I was watching Esso’s Sophie’s Story the other day. It’s a fine example of a ‘brand story’ advertising: beautifully shot, with the lightest of touches on the product placement – and just a bit dull. Because it’s missing some key elements that, you know, make a story a story.
Which made me think, dammit brand and marketing folk, we need to get better at talking about stories.
I don’t mean that we need to be better at evangelising about the power of stories. At the last count, there were only 137 people left on the entire planet who hadn’t heard that brands that harness the power of storytelling are perceived as smarter, sexier and as having better teeth. No, I mean we need to get better at talking about the nuts and bolts of how stories work, better at helping our clients (and perhaps ourselves) be ‘fluent in story’. If we don’t, YouTube might collapse under the weight of boring narratives.
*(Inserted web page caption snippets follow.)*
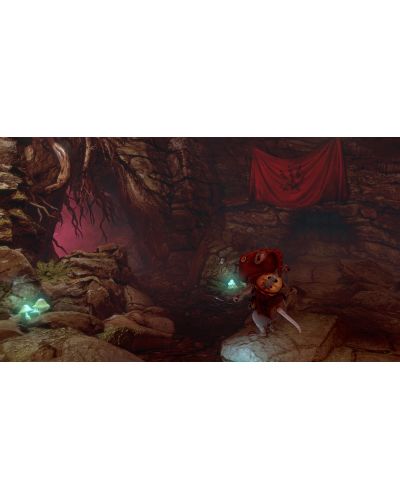Ghost of a Tale (PS4)	 - 7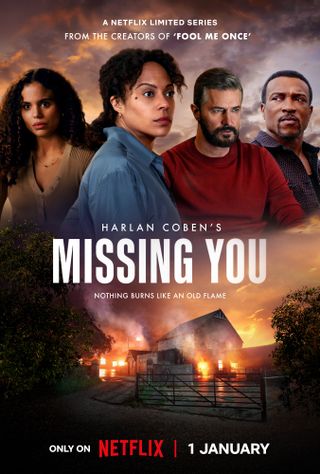 Missing You poster!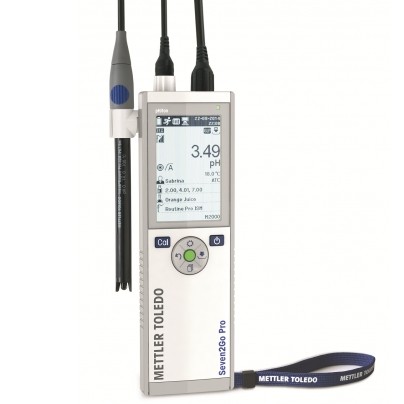 Seven2Go pH Meter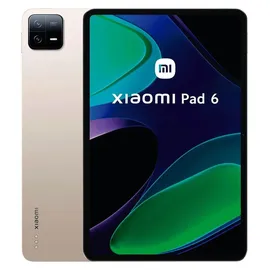 Xiaomi Pad 6 11.0'' 128 GB Wi-Fi champagne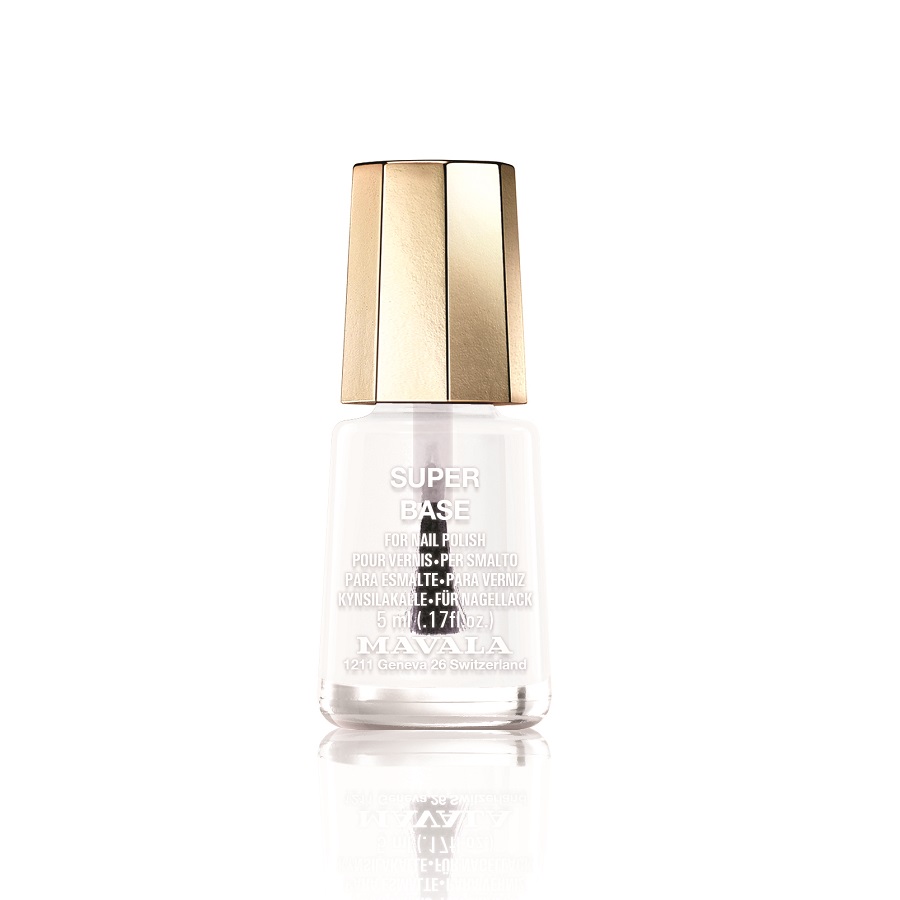 Lac de unghii Super base, 5 ml, Mavala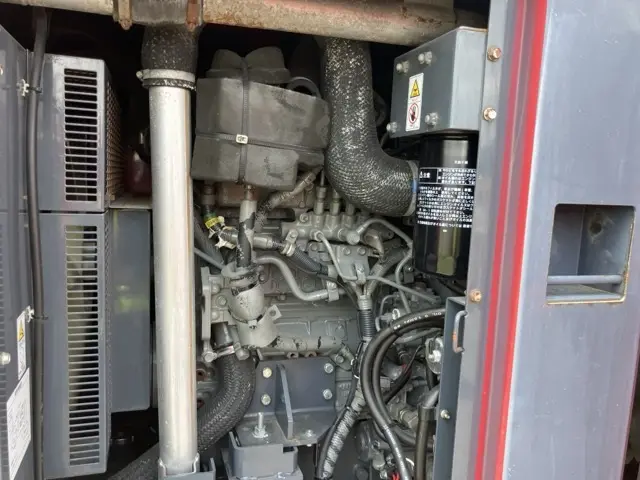 Máy phát điện No.3014 - 8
And it should be totally do-able. If you think, most of us have become fluent in the language of project management: I know my SWOT analysis from my Gantt chart, and I wouldn’t dream of leaving a meeting without assigning actions and agreeing next steps. Once, I didn’t know these terms. Now, they’re just part of how I talk about getting things done.
If we could all speak as fluently about, say, a story’s need for forces of antagonism, or where a story’s turning points are, the same would be true of stories – we’d have a shared language to help ourselves and our clients work out what our stories need.
So let’s start talking more explicitly about how stories work. If project managers can get us all talking their language, we can get business fluent in Story.
Which might mean fewer dull stories. And then, of course, we would all live happily ever after.
Full disclaimer: I run an online course called Story for Business, together with John Yorke, author of Into the Woods: How Stories Work and Why we Tell Them. He was also Head of Drama at Channel 4. If anyone knows how to talk about stories, it’s him. (He’s a terrible project manager, though.)